What would happen if all of a sudden water disappeared from the Earth? What would happen if sand filled the oceans and every form of urbanization was reduced to dust? What would happen to the landscape, as we know it? The apocalyptic vision of the Japanese cartoonist Shinichi Hiromoto

A dry and dusty planet. Imagine Earth without any water, or with very little water left and no one who knows where to find it. The oceans are dust containers where strange giants live together with distort monsters and killer jaws. Ancient cities are crumbling concrete cemeteries from where every life form has escaped to avoid the fury of the Kuroshio, the destructive stream that ages before had terminated every form of civilization.
Nature revenged against men and women, guilty of altering all equilibriums and most of all responsible of intervening on landscape and lands with urbanisation and constructions, brutalising and exhausting every resource. What happens when there is no more chance to settle down?
Simple: people start moving to survive. This is a planet where cities are silent simulacrums, water is the scarcest resource and human beings survive wandering on enormous whalers cutting through oceans of sand desperately looking for food. The most longed for preys are sand whales, but capturing them is very hard and dangerous and the hunters risk their lives. Zizi, or the pink haired witch, is a little girl and she is the only one that can see through sand and always defeat whales as well as all other monsters that hide in the sand. But is it worthy living in a world like this?
Twenty years ago the mangaka Shinichi Hiromoto was called the enfant terrible of Japanese comics. The ex-enfant will be 50 next year and since the beginning of his respected career, his fantasy has brought him to imagine declined civilisations and apocalyptic scenarios.
Published for the fist time in 2002, Stone is a simplified epic where everything rotates around a heroin that becomes conscious of her strength and is able to successfully face any kind of adversity or challenge. There is a basic individualism, Mishima's style, that in Hiromoto's written and drawn stories acquires pulp connotations with sudden screams, booming cacophony, scary surprises (such as the sudden attacks of the Jaws, monsters without bodies or eyes) and nervous dialogues. The plot is cut down to the bone and what is instead really important are characters' emotions, as always happens in manga.
Plausible? Not at all, but this has never been a problem for Japanese authors.

[ Maurizio Principato ]

iSTONE (2002) by Shinichi Hiromoto.
© Shinichi Hiromoto – Kodansha Ltd – Kappa edition.

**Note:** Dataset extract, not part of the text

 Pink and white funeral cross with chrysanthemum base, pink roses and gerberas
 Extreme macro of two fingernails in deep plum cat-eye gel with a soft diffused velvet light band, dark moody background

iSTONE (2002) by Shinichi Hiromoto.
© Shinichi Hiromoto – Kodansha Ltd – Kappa edition.

THE MASSIVE (2012)
by Brian Wood, Kristian Dolandson, Dave Stewart
© Panini comics – Dark Horse Comics

A submerged planet: imagine that water is everywhere on earth. Exactly the opposite of what is described in Stone, The Massive talks about a planet where cities and past civilizations have been swept away by the big Fall, a global disaster where the planet has taken back ownership of itself and its freedom by submerging everything. Seas are cut through by ships such as the one driven by Captain Callum Israel that wanders around on a converted fishing boat looking for missing friends and fellows.
It is a Hollywood story where the main character is the de-urbanised environment and humans (environmentalists or pirates) look lost and without any hope, like astray ships.

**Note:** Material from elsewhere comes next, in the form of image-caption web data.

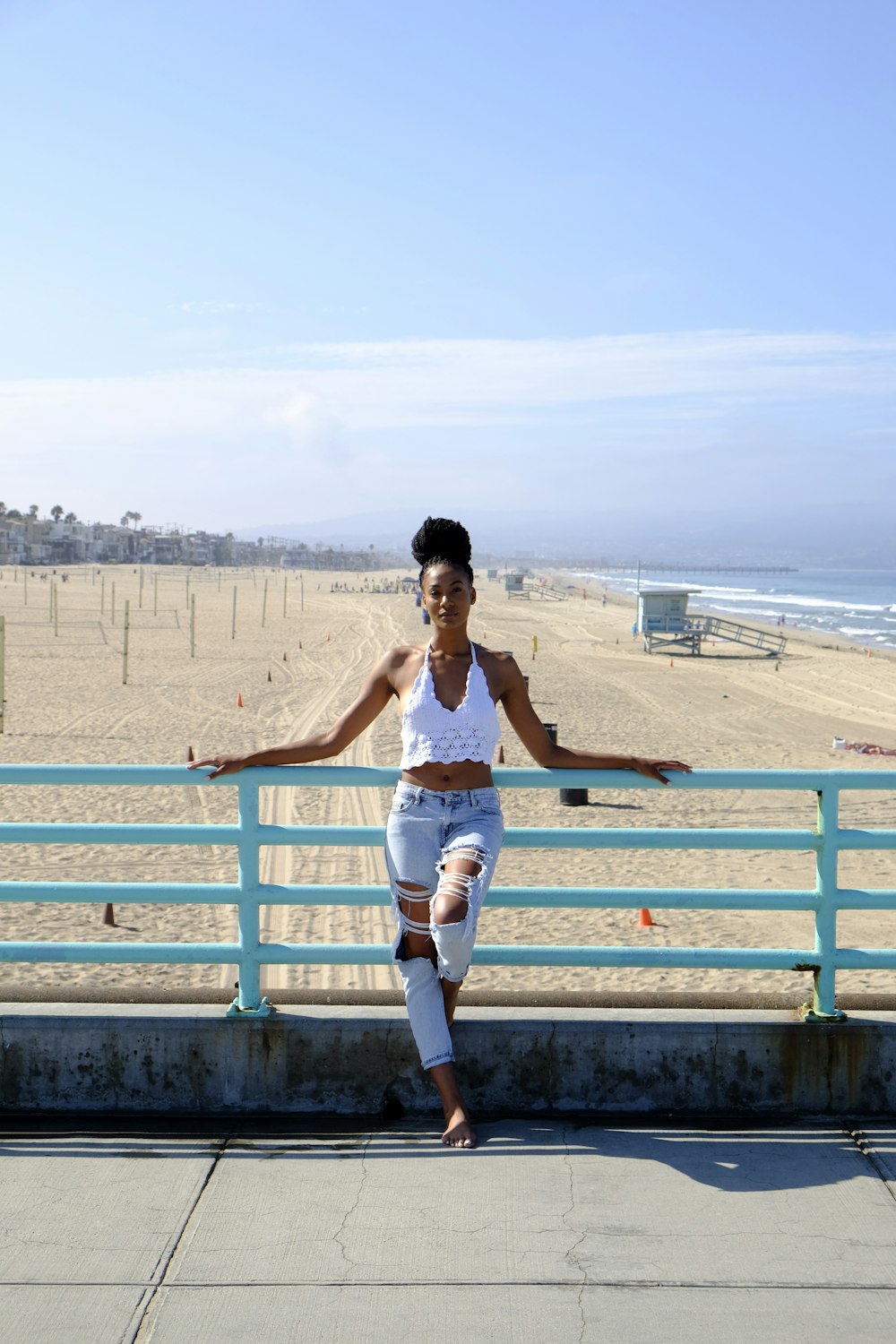 woman in white tank top and blue denim shorts sitting on blue wooden fence during daytime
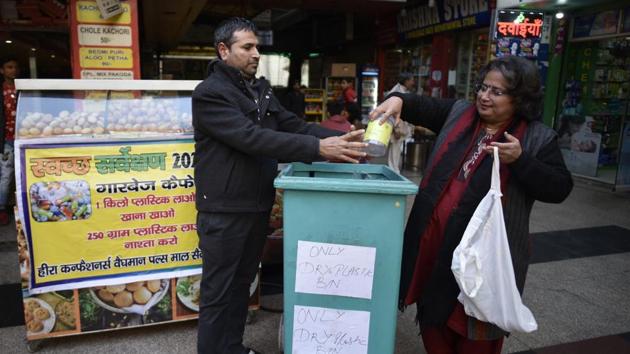 A woman throws a plastic bottle in a bin designated for plastic waste, at Sector 23, Dwarka, in New Delhi,. (Vipin Kumar /HT PHOTO) A woman throws a plastic bottle in a bin designated for plastic waste, at Sector 23, Dwarka, in New Delhi,. (Vipin Kumar /HT PHOTO)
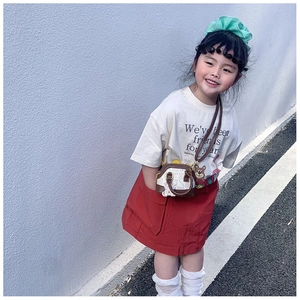 Detailed view of child's brown shell-shaped crossbody bag with cute white bear charm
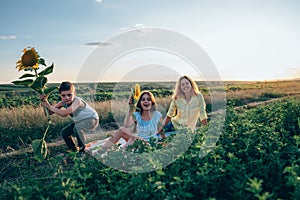 Happy funny smiling family on the picnic, serious boy in casual clothes crouched with sunflower in hands, her mom in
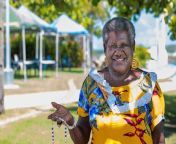 portrait melanesian australian mature woman smiling outdoors showing hand made jewerly has 172486308.jpg from australian mature
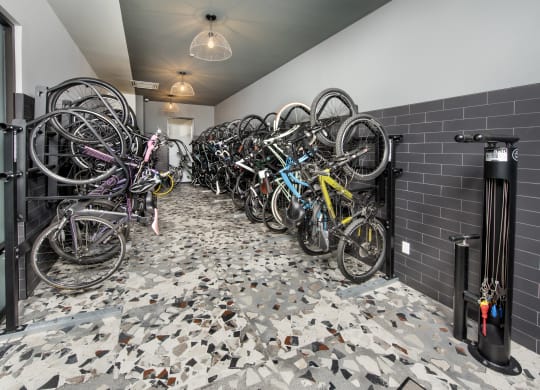 a row of bikes parked in a room with black tiles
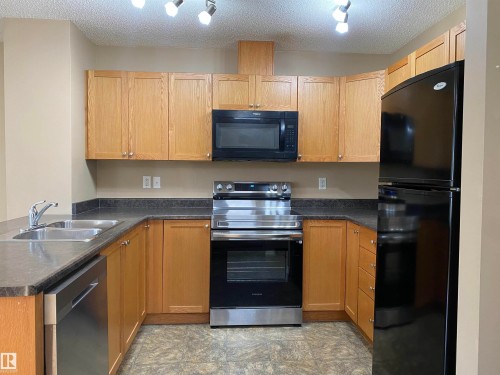 6411 18 Avenue, Edmonton, AB - Indoor Photo Showing Kitchen With Double Sink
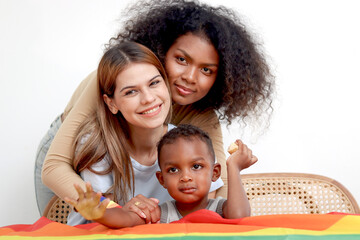 Happy homosexual lesbian couple with rainbow flag wristband and adopted child hug each other....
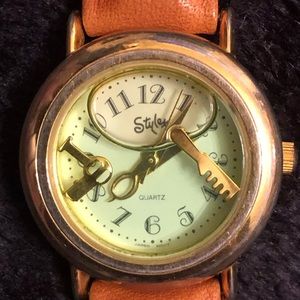 Styler Watch rose tone case with leather band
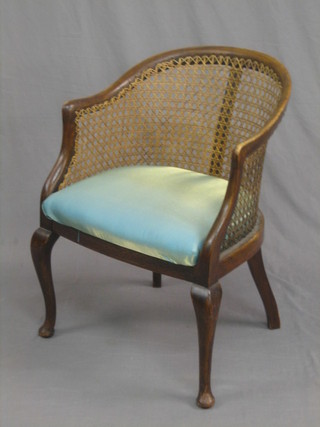 A beech framed tub back armchair with woven cane back, raised on cabriole supports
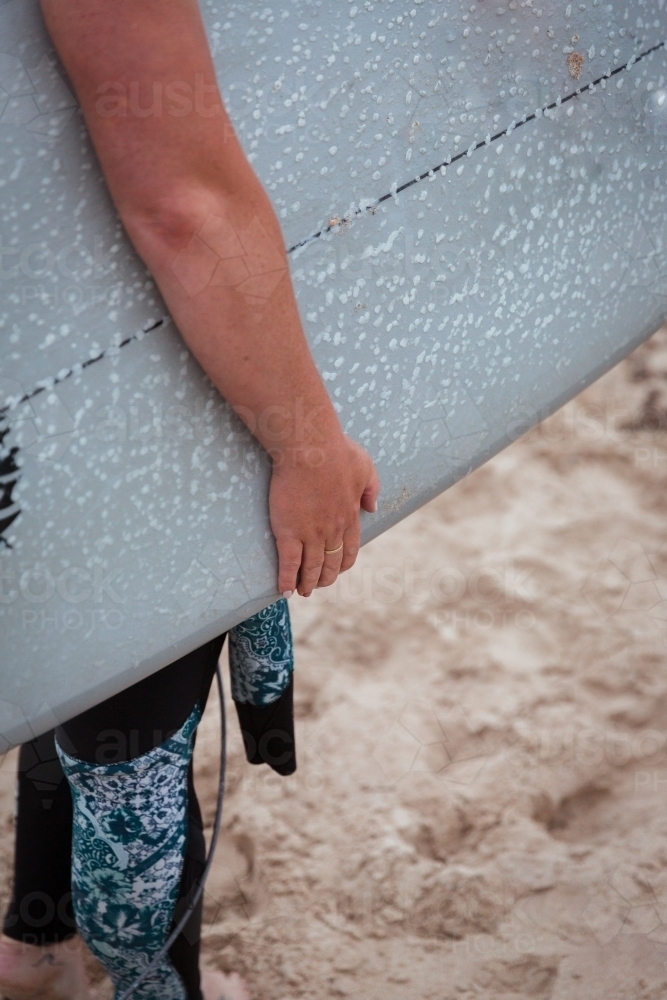 Preparing to Surf with waxed surfboard - Australian Stock Image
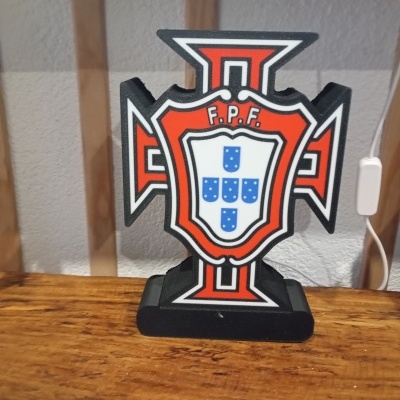 Estátua em plástico em forma de cruz vermelha com brasão da F.P.F. em fundo branco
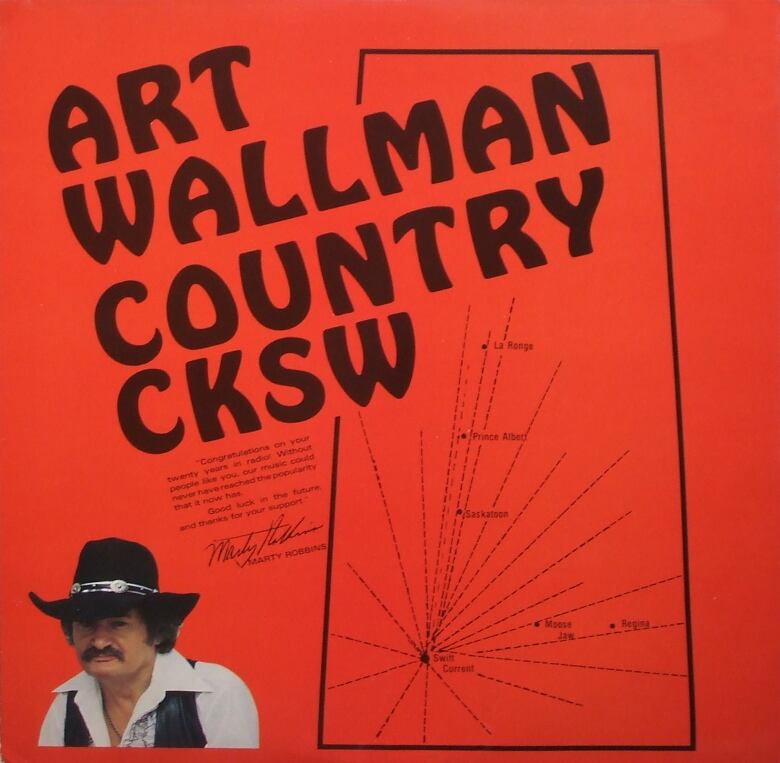 Red album cover with large black text. A an in the cowboy hat is featured on the bottom left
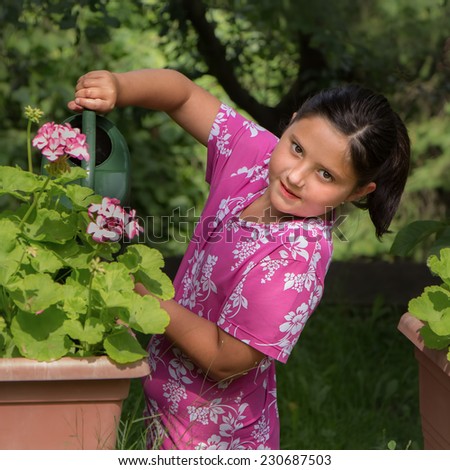 Happy little girl watering flowers in a pot, gardening.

The cover and very beginning of THE MASSIVE (2012)
by Brian Wood, Kristian Dolandson, Dave Stewart.
© Panini comics – Dark Horse Comics.

iThe cover and some plates from the fist episode of Shinichi Hiromoto's STONE (2002).
© Shinichi Hiromoto – Kodansha Ltd – Kappa edition.

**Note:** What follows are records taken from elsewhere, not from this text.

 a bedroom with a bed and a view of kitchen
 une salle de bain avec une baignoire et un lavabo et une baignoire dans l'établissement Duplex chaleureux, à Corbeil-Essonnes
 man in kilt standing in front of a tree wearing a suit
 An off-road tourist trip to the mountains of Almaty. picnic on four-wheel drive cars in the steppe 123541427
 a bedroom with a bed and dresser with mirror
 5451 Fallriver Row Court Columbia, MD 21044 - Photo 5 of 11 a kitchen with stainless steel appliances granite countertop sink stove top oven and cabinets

iSTONE (2002) by Shinichi Hiromoto.
© Shinichi Hiromoto – Kodansha Ltd – Kappa edition.
v DUNE (1984)
by David Lynch

The references and the associations to Stone are numerous. In the film industry the first and most direct is probably to Dune, a 1984 science fiction film directed by David Lynch and based on the novel by Frank Herbert. A complex and articulated saga, the novel by Herbert proposes a fight for absolute power largely set on the inhospitable planet Arrakis, almost totally without water and devastated by massive hurricanes that disrupt the surface with strong winds of 800km per hour, and by huge worms that live in the sand, invulnerable to every human attack.


Suna no Onna (1962)
by Hiroshi Teshigahara

Another possible reference is the claustrophobic Suna no nona (A woman in the Dunes), directed in 1962 by Hiroshi Teshigahara and directly inspired by the novel of the same name by Kobo Abe (which can be seen here in its full version with English subtitles). The novel describes in an extremely claustrophobic way the events of amateur entomologist Niki Junpei, who is looking for a still unknown insect to which to give his own name. He ends up in the home of a young widow, at the bottom of a deep sand pit. Every day the man and woman are forced to dig so as not to remain buried in the advancing sand. The anger and anguish over the forced situation dominate the novel, in the continuing frustration of an impossible escape from that sand prison. An element in which, unlike water, you cannot swim, but which imprisons and kills under its weight. His freedom of mind will come only when Junpei understands why there are other houses at the bottom of deep pits similar to that in which he is forced to live.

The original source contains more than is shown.